→ **Exercise prompt**: Return exactly, please, the lines from the one containing "Feria de adopción" to the last line of the entries below, and nothing else, leaving pictures out.

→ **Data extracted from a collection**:

.....

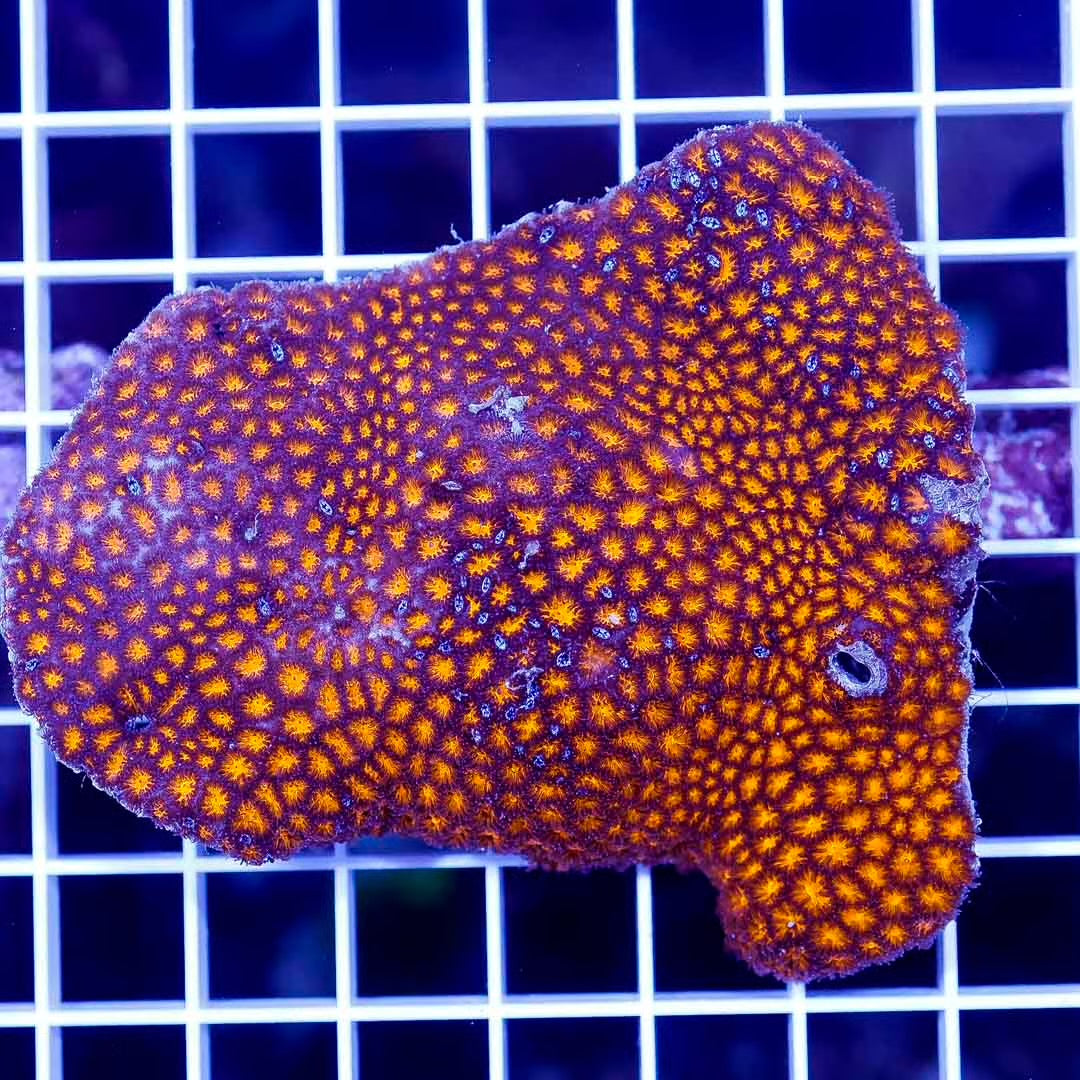 Aussie Ultra Lepthastrea Mother Colony AULMC030502 WYSIWYG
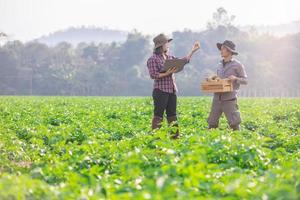 jordbrukare bärande en korg av potatisar ha forskare kolla upp kvalitet och analysera resultat på bärbar dator. färsk organisk potatisar i låda. modern agronom arbetssätt i potatis fält. foto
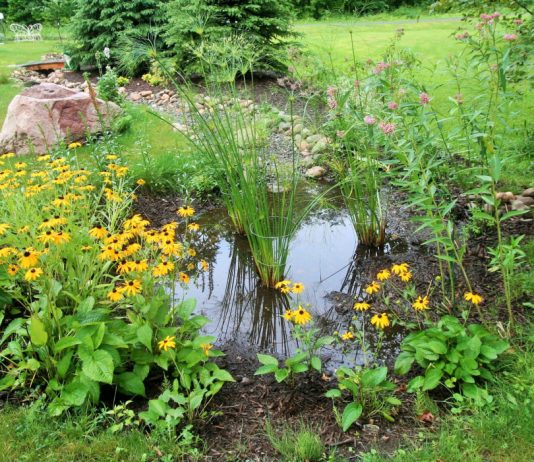 Как создать дождевой сад? - Цветник и ландшафт Дождевые цветники обычно располагаются в одном из двух мест: рядом с домом-гаражом-подъездной дорогой, на краю лужайки или мощения на самой нижней стороне вашего участка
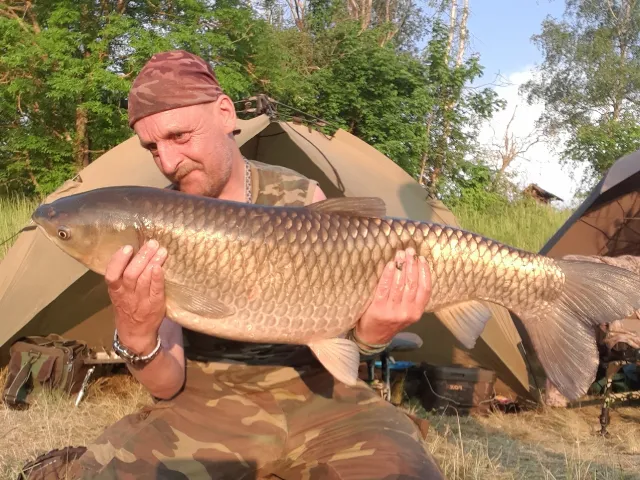 Graskarpfen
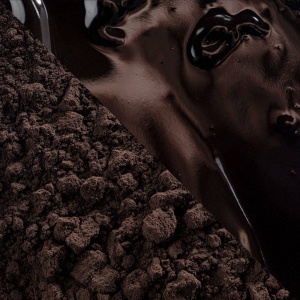 Alkalizált kakaó 10–12% Botanical Noir Intense Barry Callebaut, 1 kg - Img 2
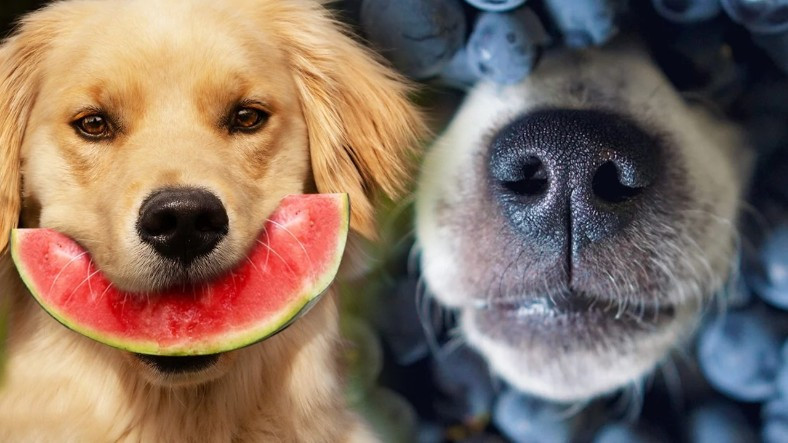 Köpeğinizin Sağlıklı Bir Hayat Yaşaması İçin Ona Verebileceğiniz 11 Yiyecek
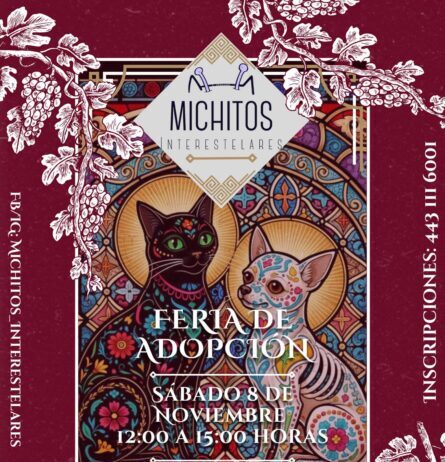 Feria de adopción de gatitos, sábado 8 de noviembre, en el IMCED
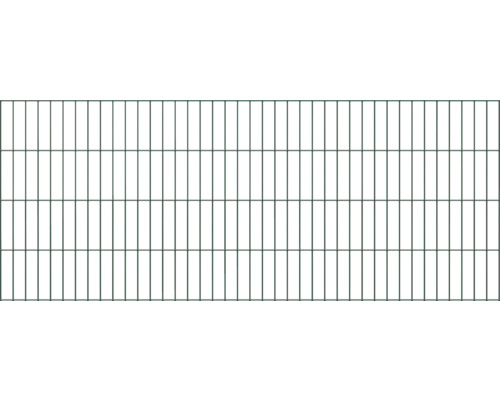 Doppelstabmatte ALBERTS Typ 6/5/6 200 x 80 cm grün Zaun aus Drahtgitter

.....

→ **Written answer**:
 Feria de adopción de gatitos, sábado 8 de noviembre, en el IMCED
 Doppelstabmatte ALBERTS Typ 6/5/6 200 x 80 cm grün Zaun aus Drahtgitter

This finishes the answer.